I’m about to do a series of writings about Compass of Zen and I thought I’d take a moment to share about my experience and to also share about who Seung Sahn was. For the record, I am not an expert. Many people have more experience and more useful things to say than me.

I first heard of Zen Master Seung Sahn when a Monk approached me to tell me about the Five Mountain Zen Order. His name was Wanji Sunim. Sunim is the title for ordained Buddhist teachers in the Korean Zen tradition. He would go on to take a different Buddhist name, but he was Wanji when I was his student.

He was trying to establish his own sitting group here and he invited me. I had never heard of Seung Sahn and didn’t know anything about the Korean Zen tradition but I was interested in learning more. I had a fascination with the Zen tradition and there wasn’t a Zen temple in Kansas City. There still isn’t. I practiced with Wanji for around three years. I ordained and took vows with my teacher and with his teacher Venerable Wonji Dharma. Most of my training was studying the works of Seung Sahn and working a few kong-ans. I never met him. He passed away in 2004. But Wonji had been one of his students, so I have a connection to him through the Five Mountain Zen Order. I was given the Buddhist name Boepyol, which means “Dharma Zeal” in Korean.

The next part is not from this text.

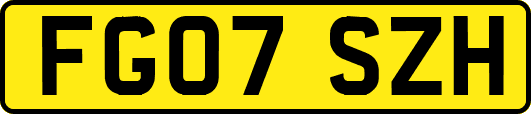 FG07SZH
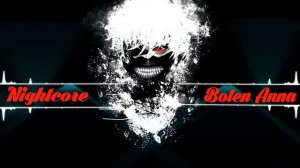 Basshunter - Boten Anna (  REMIX  Nightcore )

with Wanji Sunim and some other students. 2011.

And after a while I stopped participating. The main reason is my son was a baby and I was reluctant to go to a group with open ended practice every Friday night at that time (open ended means sometimes it was one hour and sometimes three. Unpredictable and not how most Buddhist groups operate.) It wasn’t because of a disagreement with my teacher, although we did have a disagreement or two. I felt at the time that it was made clear to me that if I couldn’t participate 100%, I shouldn’t participate. I think I’m a little wrong on just how clear that was though. I don’t think of myself as ‘ordained’ now. But I didn’t get kicked out or something and I didn’t renounce Buddhism. So maybe I’m still ordained.

Wonji Dharma

I practice and teach at the Rime Buddhist Center now. But that training is still with me in some ways. For a while I tried to find another Zen teacher but I couldn’t re-create what I walked away from, honestly. But I did try for a while. I have regrets.

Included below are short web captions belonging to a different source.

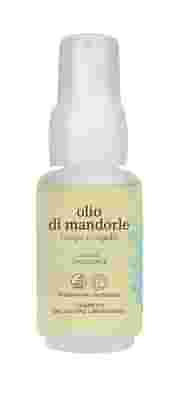 LABORATORIO DELLA FARMACIA ESSENZIA OLIO MANDORLE 30 ML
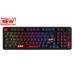 Keyboard Marvo | KG937 Wired RGB Gaming ( Mechanical )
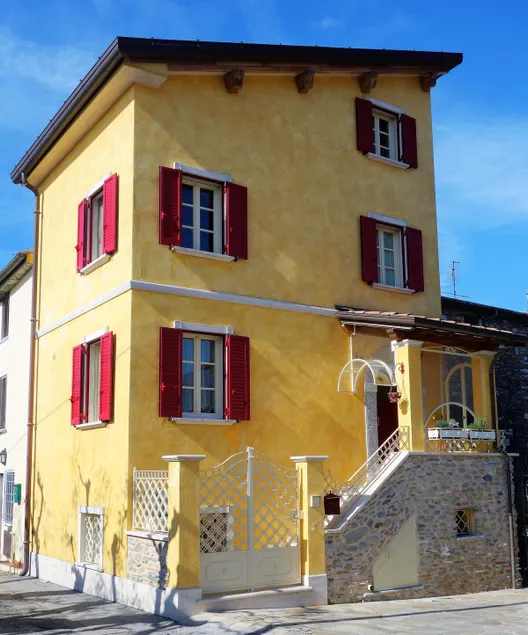 Hus Versilia Luca og Giada, sommerhus kun 5 km fra Forte dei Marmi !! - Image 1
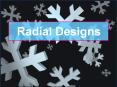Radial Designs PowerPoint PPT Presentation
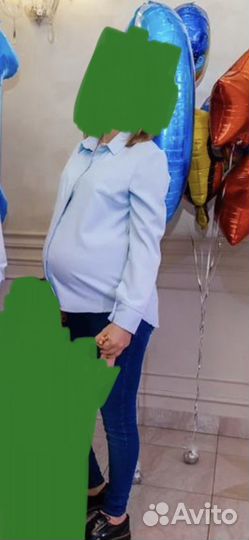 Женская одежда 42 размер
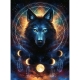 Puzzle Lup, 500 Piese Starline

But, as they say, you can’t go home again. Wonji Dharma passed away in 2021 and there is some argument among his students regarding who he passed leadership on to. It’s a sad thing that happens sometimes. It’s easy for things to get in the way when it’s time to pass authority on. I don’t know exactly when my former teacher Wanji stopped having his local sitting group, but he doesn’t have one now.

Here’s the biography of Zen Master Seung Sahn as it appears on the Five Mountain Zen Order website:

Seung Sahn

Zen Master Seung Sahn was born in Korea in 1927 during the Japanese occupation, which he resisted during his youth. After World War II, disillusioned with politics and academic studies as a way to attain truth, he went to the mountains with the goal of finding his true self. At that time he did an arduous 100-day chanting retreat, during which he attained enlightenment. Afterwards his attainment was recognized by several Korean Masters, and he received Inga from Zen Master Kobong, an enigmatic Zen Master who refused to teach monks. Kobong Sunim told him, “Your Dharma mission is the whole world.” In subsequent years, Daejongsanim (Seung Sahn’s title) worked to reorganize Korean Buddhism, then he left Korea for Japan, where he spent seven years, founding temples and teaching Zen.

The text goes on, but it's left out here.